Gordon passes Earnhardt on career wins list
TALLADEGA, Ala. — As beer cans bounced around his car, Jeff Gordon crossed the finish line Sunday for win No. 77 — breaking a tie with the late Dale Earnhardt on NASCAR's career victory list.
It was only fitting that it happened at Talladega Superspeedway, where Earnhardt — who would have been 56 on Sunday — won 10 times in his Cup career.
But it was anticlimactic and confusing, ending under caution to leave Gordon unsure if he'd actually won and taken over sixth place on the wins list.
"Is it over?" he radioed his crew. "Is it over? Is it official?"
Nobody knew after two separate accidents on the first lap of a two-lap shootout to the finish froze the field and had NASCAR scrambling to make sense of the finish.
It was a stark difference to last week, when Gordon won in Phoenix to tie Earnhardt's mark and flew a No. 3 flag on his victory lap as a tribute to the seven-time champion. The gesture was poorly received, though, as fans threw debris at him even though Dale Earnhardt Jr. immediately — and publicly — praised the tribute.
Junior condemned fans for throwing beer cans during the week, imploring his "Red Army" of supporters to instead toss toilet paper out of safety concerns.
Track officials did their part, warning during the pre-race ceremony that any fan caught throwing debris onto the track would be arrested. They made good on it, too, hauling fans away in handcuffs as officers stationed in the stands fruitlessly tried to stop it.
Gordon's crew, meanwhile, frantically called for security help to get the team spotter out of the stands.
"It don't look like it's something you can control," Earnhardt Jr. sighed.
As the beer cans rained down on his car, Gordon cut short his on-track celebration and drove to Victory Lane.
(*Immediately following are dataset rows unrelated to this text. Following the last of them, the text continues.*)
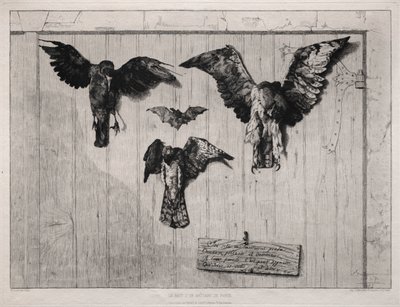 スイングドアの上部、1852年に1865年を印刷。 作： Felix Bracquemond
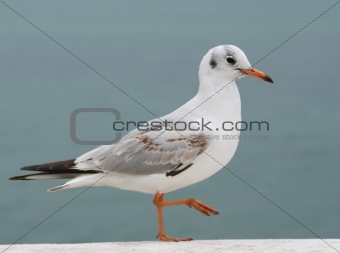 seagull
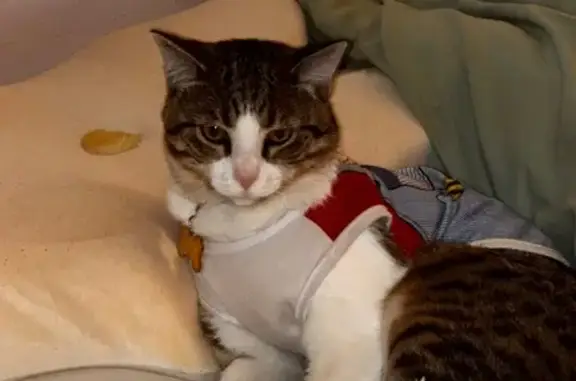 Lost Skittish Cat: Grey/Brown/White
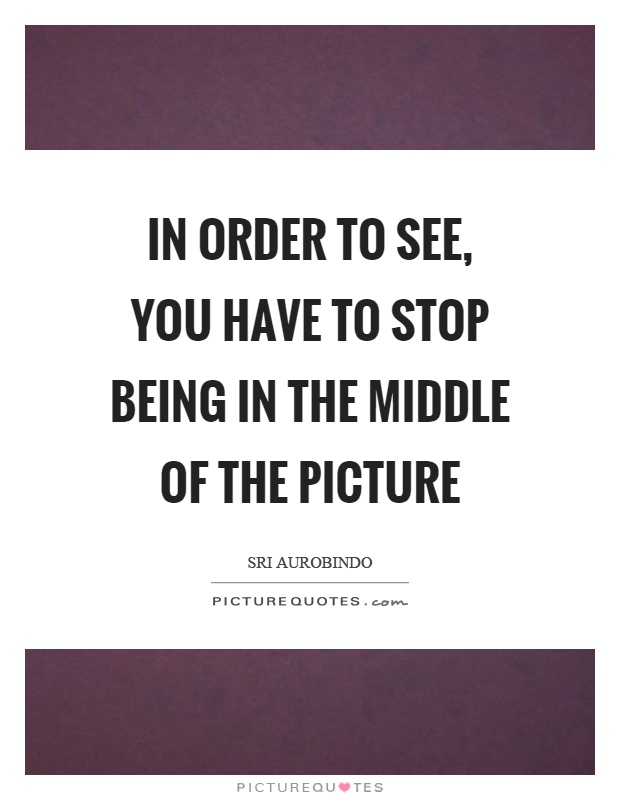 In order to see, you have to stop being in the middle of the picture Picture Quote #1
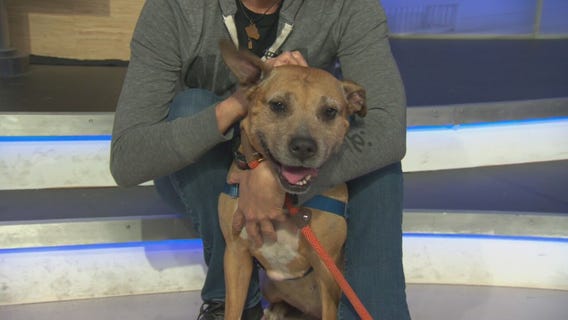Pet Project: Boxy Brown from NKLA Pet Adoption Center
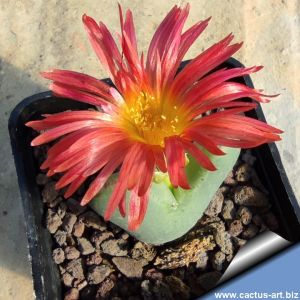 Conophytum fructescens, Komaggas, South Africa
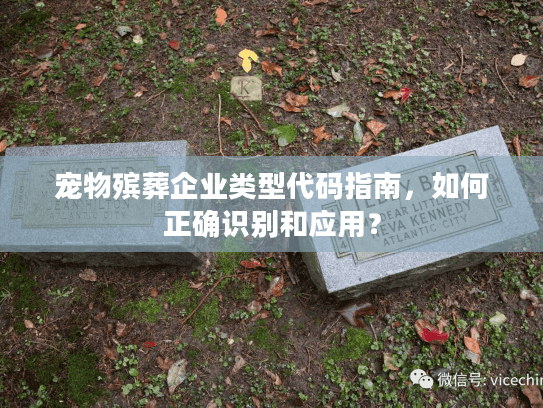 宠物殡葬企业类型代码指南，如何正确识别和应用？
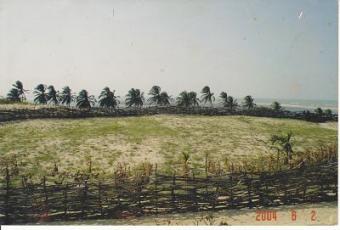land on the beach Jericocoara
"I never caused a riot before for winning — well, maybe once or twice," Gordon said. "I thought Junior had more power. I thought they'd throw toilet paper, which is what he asked them to throw. I saw maybe one roll."
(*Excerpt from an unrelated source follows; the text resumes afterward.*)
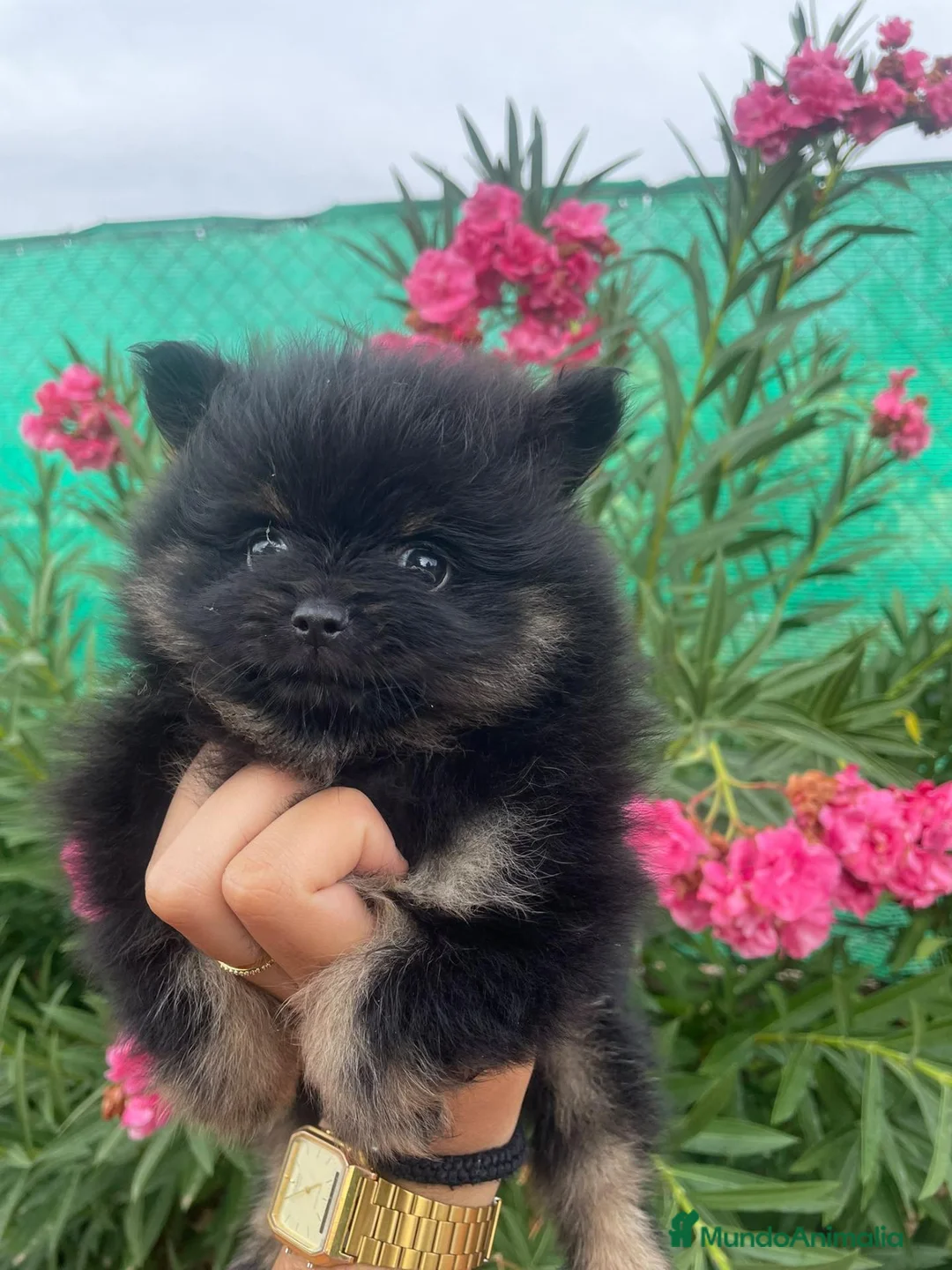 Pomerania perros en venta: Cachorra pomerania  - Anuncio 7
But Gordon was understanding of the fan reaction.
"There are a lot of fans out there who are Earnhardt fans who don't want to see (the record) broken," he said. "I appreciate the enthusiasm ... the opinions of all the fans out there. What are you going to do?"
Earnhardt Jr., who made a brief run at the victory, finished seventh. But unlike last week, when he visited Gordon in Victory Lane, he stayed away from the celebration.
"I told him this week, I said, 'You win this one and I ain't coming into Victory Lane this time. That caused too much trouble,'" Junior said. "He's a great race car driver. I knew years ago he would eventually pass my old man. I think he has the opportunity to pass a couple more."
Gordon, who started on the pole, ran up front at times during the race but was 14th on a restart with 10 laps to go. But he stormed to the front and with three laps to go passed Jamie McMurray for the lead a split-second before a caution came out.
It set up a the green-white-checkered flag finish, with Gordon out front on the restart. But before the field reached full speed, a wreck far behind the leaders brought out the caution and effectively ended the race.
NASCAR makes only one attempt to complete the race in overtime, and if a caution comes out, the field is instantly frozen. So when Elliott Sadler bumped the back of Greg Biffle to trigger a wreck, Gordon was essentially winner.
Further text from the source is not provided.